Part of this is driven by consolidation in the entertainment
industry. America’s two largest comic publishers, DC and Marvel, are owned by
Warner Brothers Entertainment and Disney respectively, and their stock-in-trade is superheroes. Disney’s $4 billion
purchase of Marvel in 2009 was clearly driven by a desire to use Marvel’s
stable of action heroes and proven franchise-worthy lineup (The Hulk, Iron Man,
Fantastic Four, etc.) to fill a hole the size of a teenage boy in Disney’s
otherwise-dominant pop culture portfolio.

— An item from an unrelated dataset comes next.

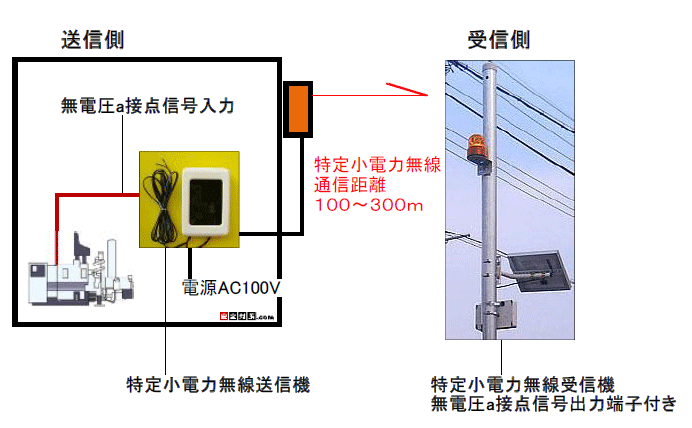 送信機の電源はAC100V。受信機側の電源はソーラー電源方式の例。個別にご相談ください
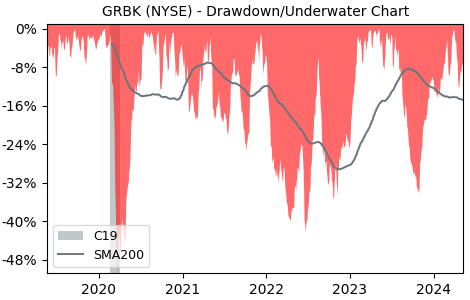 Drawdown / Underwater Chart for Green Brick Partners (GRBK) - Stock & Dividends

DC flew under Warner Brothers’ radar for decades, but now
the parent company is mining its IP goldmine (which includes Batman, Superman,
Wonder Woman, Justice League and other household-name characters) strategically
rather than opportunistically. The synergies between DC’s recent “New 52”
relaunch of its superhero comics and the release of transmedia properties like
the Batman: Arkham City videogame and next year’s Dark Knight Rises movie are
much more coordinated both from a marketing and timing perspective than in
years past.


Spielberg’s Adventures of Tintin (produced by Lord of the
director Peter Jackson) is in an oddity, based on a comic character who
is neither a costumed superhero nor even American. Created by Belgian
cartoonist Georges Remi (under the pen name Hergé) in the late 1920s, the boy
adventurer and his dog Snowy starred in a series of best-selling graphic novels
throughout the ’30s and ’40s.

Hergé’s clean-line art style and fast-moving storytelling was an
enormous influence in the European comic scene. In English-speaking countries,
the graphic novel had to fight for decades to be taken seriously by critics and
readers, and even today is still subject to the occasional “Zap! Bam! Pow! Comics Aren’t Just For Kids
” treatment in the media. Thanks in part to creators like Hergé and
others who produced general material for a wide range of audiences, the comics
medium enjoys much greater artistic respect and mass-market appeal in Europe.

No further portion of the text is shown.